Where is the best place to place your submersable heaters in the tank...Ours is under the filtration unit, Any ideas thanks..
O by the way we upgraded to the Jagers...But we have a problem in the 29 gallon tank... The temperature reading in the tank shows 80 but the heater is set for 76 degrees, but the heater will kick in when it is around 80 degrees.. We have 2 thermometers on there right now, the stick on kind and we bought the digital submersable thermeters..the stick on heater shows 80 degrees, the submersable shows 82.8, and the heater is set for 76 degrees and will kick in when it gets below 80... we are baffled.


----------



## Pablo (Mar 27, 2006)

You've posted in the wrong section. This is general NON aquarium talk. You want GENERAL AQUARIUM DISCUSSION

ideally you place the heater where there is a fair bit of water flow passing over it so as to distribute the heat properly. Try to place your thermometer far away from the heater.

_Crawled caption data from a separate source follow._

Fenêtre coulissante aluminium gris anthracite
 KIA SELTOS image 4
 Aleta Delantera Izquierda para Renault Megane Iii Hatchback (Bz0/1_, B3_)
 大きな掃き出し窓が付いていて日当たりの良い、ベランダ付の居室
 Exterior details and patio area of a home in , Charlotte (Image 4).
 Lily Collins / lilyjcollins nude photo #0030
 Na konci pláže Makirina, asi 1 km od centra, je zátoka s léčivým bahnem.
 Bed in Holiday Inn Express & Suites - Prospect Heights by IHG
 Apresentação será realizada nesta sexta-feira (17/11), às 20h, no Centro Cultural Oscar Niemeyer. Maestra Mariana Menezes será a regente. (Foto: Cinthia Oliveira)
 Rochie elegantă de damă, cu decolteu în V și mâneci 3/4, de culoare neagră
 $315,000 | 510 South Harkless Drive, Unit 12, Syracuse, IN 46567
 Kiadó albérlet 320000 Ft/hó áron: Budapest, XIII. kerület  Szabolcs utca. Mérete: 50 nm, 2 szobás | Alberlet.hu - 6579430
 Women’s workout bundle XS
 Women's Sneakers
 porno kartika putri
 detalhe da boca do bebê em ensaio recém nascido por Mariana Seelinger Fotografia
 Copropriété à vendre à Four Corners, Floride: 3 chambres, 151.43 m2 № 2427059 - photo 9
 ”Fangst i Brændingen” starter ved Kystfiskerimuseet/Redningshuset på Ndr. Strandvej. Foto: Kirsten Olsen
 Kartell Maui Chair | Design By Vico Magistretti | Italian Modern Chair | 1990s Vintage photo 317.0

Do not use the stick on outside thermometers. The best is digital thermometer.

I suspect you have a crappy inappropriately placed heater.
Go to Big Als and get

http://tbn0.google.com/images?q=tbn.../www.jlaquatics.com/images/heaters/jager2.jpg
JAGER heater appropriate size

http://img.alibaba.com/photo/50066807/Multi_Function_Digital_Thermometer_Module.jpg
digital thermometer.


----------



## flojan (Mar 10, 2008)

I realize I did post in the wrong section thanks...

The heater in this Tank is a Jager heater, the tank is 29 gallon, a 100 watt heater I believe...


----------



## Pablo (Mar 27, 2006)

Well then you should simply re calibrate the heater. 

Turn it off let it sit for 1/2 hour then pick it up. On the top there is a little plastic tab you can pull up (above the temperature dial).

If the heater is heating to 80, but is only set to 76, simply pull the tab up (this seperates the indicator arrow on top of the heater so it can be moved independantly of the blue temperature setting ring) and set the ARROW, not the dial, to 80. Understand what I'm saying?

You have the arrow pointing to 76, you want to point the arrow to 80, WITHOUT moving the blue ring.

Then carefully snap the tab back by pushing it down until it clicks.


----------



## flojan (Mar 10, 2008)

Ideally we want to have the tank sitting at 78...Thanks for the information...So we will try that..


----------



## Pablo (Mar 27, 2006)

Once the heater's arrow is pointing to the actual temperature by calibrating it like this it will be much easier to set temperatures later because the number will correspond to the actual temperature.


----------



## flojan (Mar 10, 2008)

Thank you... we hope it works


----------